Concessioni balneari: la cassazione riapre i giochi

Una piccola boccata d’ossigeno per i titolari di concessioni demaniali marittime turistico balneari che vivono ormai da anni in una situazione di assoluta precarietà a causa di una erronea interpretazione della Direttiva numero 2006/123/Ce meglio conosciuta come Direttiva Bolkestein. La direttiva prende il nome dell’allora commissario europeo per il Mercato interno e i servizi Frits Bolkestein. Politico ed economista olandese che ebbe ad affermare: “Per quanto mi riguarda, le concessioni balneari non sono servizi ma beni, e quindi la libera circolazione dei servizi non va applicata alle concessioni delle spiagge”. Da economista, non avrebbe potuto dire altrimenti in quanto in economia aziendale la concessioni sono “beni immateriali che vengono iscritti in bilancio nell’attivo dello stato patrimoniale tra le immobilizzazioni immateriali”.

Non è servito a nulla neanche “l’interpretazione autentica” dell’ideatore della Direttiva numero 2006/123/Ce. La Corte suprema di Cassazione con sentenza numero 32559/2023, pubblicata giovedì 23 novembre scorso, ha azzerato la precedente sentenza del Consiglio di Stato che aveva annullato la proroga delle concessioni al 31 dicembre 2033 disponendo che le concessioni fossero limitate al 31 dicembre 2023. La Cassazione, nella sentenza, ha stabilito che “la sentenza impugnata di conseguenza è affetta dal vizio di eccesso di potere denunciato sotto il profilo dell’arretramento della giurisdizione rispetto alla materia devoluta alla cognizione giurisdizionale del giudice amministrativo”. In sostanza il rinvio al Consiglio di Stato, che dovrà di nuovo pronunciarsi, ha evidenziato che il massimo organo della giustizia amministrativa dovrà di nuovo pronunziarsi e dovrà tenere conto anche delle leggi del Governo e del Parlamento che hanno esercitato “i poteri normativi loro spettanti”.

In sostanza, la Cassazione ha ritenuto che il Consiglio di Stato abbia esercitato un “indebito esercizio di poteri”. La sentenza apre uno spiraglio per la risoluzione di un problema che investe oltre 30mila micro e piccole imprese, in larghissima parte a conduzione familiare. Almeno fino al 31 dicembre 2024, con possibilità di slittamento al 2025, i Comuni non potranno bandire le gare fino alla adozione dei decreti legislativi previsti dalla legge sulla concorrenza.

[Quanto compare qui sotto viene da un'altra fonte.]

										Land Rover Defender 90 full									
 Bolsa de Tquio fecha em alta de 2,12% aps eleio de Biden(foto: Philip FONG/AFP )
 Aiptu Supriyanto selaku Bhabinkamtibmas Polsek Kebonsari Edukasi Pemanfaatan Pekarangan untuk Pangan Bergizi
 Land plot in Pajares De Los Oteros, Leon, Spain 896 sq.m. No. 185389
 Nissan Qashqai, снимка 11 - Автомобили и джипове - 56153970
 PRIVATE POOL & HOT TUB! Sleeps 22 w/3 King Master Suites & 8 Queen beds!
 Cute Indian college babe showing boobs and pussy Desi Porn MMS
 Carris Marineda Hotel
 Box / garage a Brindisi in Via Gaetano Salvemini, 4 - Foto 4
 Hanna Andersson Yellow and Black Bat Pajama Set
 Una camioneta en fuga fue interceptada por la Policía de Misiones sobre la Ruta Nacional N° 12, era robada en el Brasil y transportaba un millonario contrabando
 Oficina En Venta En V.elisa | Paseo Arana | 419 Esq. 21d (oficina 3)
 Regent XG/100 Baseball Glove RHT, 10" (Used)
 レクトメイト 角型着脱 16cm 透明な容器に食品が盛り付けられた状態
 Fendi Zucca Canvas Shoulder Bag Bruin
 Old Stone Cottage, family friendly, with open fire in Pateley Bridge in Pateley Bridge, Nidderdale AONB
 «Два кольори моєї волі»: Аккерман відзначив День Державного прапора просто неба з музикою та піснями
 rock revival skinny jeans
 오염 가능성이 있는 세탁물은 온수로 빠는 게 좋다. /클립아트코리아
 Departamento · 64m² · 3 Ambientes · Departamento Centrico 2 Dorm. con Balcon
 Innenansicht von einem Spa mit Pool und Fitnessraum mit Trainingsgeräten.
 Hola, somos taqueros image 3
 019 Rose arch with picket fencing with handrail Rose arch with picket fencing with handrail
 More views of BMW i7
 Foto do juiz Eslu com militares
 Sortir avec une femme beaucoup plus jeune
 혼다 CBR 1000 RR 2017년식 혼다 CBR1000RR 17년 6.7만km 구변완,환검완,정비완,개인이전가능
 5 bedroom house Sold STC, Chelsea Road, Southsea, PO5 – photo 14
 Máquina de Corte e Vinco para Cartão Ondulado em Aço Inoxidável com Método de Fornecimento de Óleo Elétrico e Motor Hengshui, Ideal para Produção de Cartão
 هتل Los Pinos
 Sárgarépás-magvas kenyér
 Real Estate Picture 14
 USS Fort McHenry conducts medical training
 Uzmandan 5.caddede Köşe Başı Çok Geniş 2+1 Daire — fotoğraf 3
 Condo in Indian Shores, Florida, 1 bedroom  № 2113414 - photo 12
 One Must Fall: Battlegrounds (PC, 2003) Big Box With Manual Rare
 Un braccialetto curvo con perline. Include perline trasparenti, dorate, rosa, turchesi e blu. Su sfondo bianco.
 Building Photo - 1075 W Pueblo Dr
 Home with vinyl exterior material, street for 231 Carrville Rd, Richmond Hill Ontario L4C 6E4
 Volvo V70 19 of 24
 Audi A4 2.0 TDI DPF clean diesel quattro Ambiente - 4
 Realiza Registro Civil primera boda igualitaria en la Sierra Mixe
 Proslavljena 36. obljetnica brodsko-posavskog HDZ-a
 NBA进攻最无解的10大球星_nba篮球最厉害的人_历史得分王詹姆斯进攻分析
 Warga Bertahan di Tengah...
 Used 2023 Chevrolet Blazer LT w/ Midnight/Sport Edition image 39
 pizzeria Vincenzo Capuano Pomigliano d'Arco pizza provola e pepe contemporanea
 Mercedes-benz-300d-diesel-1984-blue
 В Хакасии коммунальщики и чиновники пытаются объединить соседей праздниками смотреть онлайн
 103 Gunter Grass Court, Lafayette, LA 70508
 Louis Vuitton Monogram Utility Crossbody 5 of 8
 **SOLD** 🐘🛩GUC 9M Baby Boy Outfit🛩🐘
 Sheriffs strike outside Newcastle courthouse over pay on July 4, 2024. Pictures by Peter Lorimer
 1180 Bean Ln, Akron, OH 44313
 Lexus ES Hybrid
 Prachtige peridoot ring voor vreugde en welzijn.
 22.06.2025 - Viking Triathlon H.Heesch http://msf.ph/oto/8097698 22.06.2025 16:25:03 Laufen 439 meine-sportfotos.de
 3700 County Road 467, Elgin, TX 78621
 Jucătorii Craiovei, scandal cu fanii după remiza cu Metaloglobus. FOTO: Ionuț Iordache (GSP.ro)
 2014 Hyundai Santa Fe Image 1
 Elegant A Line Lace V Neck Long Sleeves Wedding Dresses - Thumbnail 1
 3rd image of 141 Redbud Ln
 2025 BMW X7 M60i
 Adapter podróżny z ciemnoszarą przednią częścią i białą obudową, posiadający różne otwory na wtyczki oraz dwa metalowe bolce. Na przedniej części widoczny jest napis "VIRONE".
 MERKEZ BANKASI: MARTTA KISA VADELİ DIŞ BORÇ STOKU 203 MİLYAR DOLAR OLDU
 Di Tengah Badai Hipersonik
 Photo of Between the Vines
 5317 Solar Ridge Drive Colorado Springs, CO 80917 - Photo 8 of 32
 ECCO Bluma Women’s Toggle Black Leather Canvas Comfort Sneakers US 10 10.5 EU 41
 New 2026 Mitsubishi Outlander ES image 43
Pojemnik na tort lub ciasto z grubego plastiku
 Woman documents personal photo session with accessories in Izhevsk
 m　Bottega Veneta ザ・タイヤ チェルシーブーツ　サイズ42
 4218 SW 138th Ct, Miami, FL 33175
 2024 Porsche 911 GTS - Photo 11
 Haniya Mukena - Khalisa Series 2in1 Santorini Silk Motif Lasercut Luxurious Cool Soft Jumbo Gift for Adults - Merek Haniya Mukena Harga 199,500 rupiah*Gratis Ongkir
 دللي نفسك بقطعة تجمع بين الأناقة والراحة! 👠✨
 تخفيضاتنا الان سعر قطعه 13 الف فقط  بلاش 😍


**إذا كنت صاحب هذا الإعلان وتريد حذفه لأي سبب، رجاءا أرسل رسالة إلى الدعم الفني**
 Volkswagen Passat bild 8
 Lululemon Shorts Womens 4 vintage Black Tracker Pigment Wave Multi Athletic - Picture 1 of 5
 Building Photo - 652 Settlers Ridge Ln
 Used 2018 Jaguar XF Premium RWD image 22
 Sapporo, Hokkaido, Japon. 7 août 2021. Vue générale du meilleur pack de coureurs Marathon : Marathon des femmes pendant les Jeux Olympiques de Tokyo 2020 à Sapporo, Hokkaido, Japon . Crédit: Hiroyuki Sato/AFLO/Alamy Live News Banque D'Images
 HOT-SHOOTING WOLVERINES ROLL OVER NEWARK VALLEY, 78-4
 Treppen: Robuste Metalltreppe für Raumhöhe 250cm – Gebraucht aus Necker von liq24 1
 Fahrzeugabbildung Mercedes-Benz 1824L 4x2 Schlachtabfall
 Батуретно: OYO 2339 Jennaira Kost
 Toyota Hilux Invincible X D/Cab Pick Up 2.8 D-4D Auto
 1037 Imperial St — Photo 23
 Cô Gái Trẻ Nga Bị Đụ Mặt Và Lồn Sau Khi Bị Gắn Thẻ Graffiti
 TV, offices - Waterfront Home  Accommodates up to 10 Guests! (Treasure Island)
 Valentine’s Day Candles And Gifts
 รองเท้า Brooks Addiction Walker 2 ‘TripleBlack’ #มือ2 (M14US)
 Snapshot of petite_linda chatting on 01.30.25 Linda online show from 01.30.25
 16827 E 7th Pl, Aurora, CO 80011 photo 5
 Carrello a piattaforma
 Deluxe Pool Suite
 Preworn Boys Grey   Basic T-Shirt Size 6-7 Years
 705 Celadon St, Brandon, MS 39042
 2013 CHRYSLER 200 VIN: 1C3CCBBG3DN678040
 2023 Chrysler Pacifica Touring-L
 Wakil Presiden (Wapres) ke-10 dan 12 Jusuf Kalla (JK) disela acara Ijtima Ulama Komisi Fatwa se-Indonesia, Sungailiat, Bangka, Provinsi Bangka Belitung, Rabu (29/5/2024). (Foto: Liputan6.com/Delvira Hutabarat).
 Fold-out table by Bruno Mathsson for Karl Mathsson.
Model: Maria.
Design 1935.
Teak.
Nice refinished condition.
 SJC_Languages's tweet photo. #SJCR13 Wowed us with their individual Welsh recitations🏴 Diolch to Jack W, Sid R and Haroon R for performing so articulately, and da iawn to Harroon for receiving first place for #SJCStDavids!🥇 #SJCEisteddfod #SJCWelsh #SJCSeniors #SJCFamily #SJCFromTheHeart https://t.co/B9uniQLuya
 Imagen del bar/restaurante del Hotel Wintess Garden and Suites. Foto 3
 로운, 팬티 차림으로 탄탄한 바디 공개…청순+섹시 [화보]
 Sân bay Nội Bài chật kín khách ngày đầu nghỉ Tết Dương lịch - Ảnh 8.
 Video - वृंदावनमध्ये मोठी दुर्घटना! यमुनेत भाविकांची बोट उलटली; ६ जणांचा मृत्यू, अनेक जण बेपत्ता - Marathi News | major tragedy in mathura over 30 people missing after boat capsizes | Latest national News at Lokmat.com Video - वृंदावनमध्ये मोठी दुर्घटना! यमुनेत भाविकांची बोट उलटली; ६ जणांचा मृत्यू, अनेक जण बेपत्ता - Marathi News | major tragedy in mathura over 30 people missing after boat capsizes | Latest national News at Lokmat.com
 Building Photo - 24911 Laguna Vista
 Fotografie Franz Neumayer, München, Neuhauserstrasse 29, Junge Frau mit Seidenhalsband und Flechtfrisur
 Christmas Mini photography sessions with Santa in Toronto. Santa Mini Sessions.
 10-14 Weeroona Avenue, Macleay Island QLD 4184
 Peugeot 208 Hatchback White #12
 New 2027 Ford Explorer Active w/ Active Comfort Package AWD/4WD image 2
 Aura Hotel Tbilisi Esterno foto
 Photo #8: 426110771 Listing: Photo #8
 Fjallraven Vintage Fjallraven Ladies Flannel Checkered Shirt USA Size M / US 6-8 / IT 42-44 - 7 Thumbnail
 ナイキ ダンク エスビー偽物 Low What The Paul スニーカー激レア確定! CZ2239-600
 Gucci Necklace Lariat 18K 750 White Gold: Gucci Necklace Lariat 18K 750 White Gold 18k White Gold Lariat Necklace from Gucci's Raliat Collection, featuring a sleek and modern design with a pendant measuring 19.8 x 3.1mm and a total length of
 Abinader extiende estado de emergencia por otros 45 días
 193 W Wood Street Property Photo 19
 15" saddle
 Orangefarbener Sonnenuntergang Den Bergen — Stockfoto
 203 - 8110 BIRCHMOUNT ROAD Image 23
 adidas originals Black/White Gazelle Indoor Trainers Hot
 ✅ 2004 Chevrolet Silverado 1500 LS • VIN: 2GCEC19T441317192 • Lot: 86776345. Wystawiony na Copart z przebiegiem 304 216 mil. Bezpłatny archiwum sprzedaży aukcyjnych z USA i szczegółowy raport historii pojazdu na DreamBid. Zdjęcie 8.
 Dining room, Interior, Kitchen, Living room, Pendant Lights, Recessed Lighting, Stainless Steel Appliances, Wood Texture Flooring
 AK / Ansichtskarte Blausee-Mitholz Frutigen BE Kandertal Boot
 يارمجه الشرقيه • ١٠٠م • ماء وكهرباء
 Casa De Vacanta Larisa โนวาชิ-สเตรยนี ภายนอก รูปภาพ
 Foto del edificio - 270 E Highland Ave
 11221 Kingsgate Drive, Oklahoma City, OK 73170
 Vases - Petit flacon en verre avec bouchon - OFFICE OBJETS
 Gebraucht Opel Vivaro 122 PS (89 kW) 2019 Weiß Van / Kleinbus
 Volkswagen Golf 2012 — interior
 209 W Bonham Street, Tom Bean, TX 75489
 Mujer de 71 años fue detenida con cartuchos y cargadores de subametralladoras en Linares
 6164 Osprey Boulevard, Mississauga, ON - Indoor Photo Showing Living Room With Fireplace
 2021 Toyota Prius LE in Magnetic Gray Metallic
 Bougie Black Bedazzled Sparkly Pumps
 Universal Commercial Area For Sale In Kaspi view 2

La mappatura, che è stata fatta dal Governo, sulle concessioni in essere, ha accertato che le attuali concessioni riguardano appena il 33 per cento delle spiagge disponibili per le concessioni demaniali. Se l’obiettivo, mal interpretato della Direttiva Bolkestein, era quello di aumentare la concorrenza nel settore dell’industria della balneazione, si potrebbe procedere al bando di nuove concessioni in modo da ampliare l’offerta di strutture a vantaggio dei consumatori che potranno scegliere quelle che offrono i migliori servizi a prezzi più contenuti.

La concorrenza si persegue ampliando gli operatori (come le licenze dei taxi) e non sostituendo, con bando, quelli attualmente in essere e che hanno contribuito al successo della nostra industria turistica che contribuisce al 13 per cento del Pil e ad oltre il 12 per cento dell’occupazione. Più concessioni significa: più introiti per lo Stato, più concorrenza senza distruggere un comparto di eccellenza della nostra industria turistica. Nell’interesse del Paese, il Governo Meloni deve contrastare una direttiva che danneggia un settore economico di eccellenza della nostra nazione!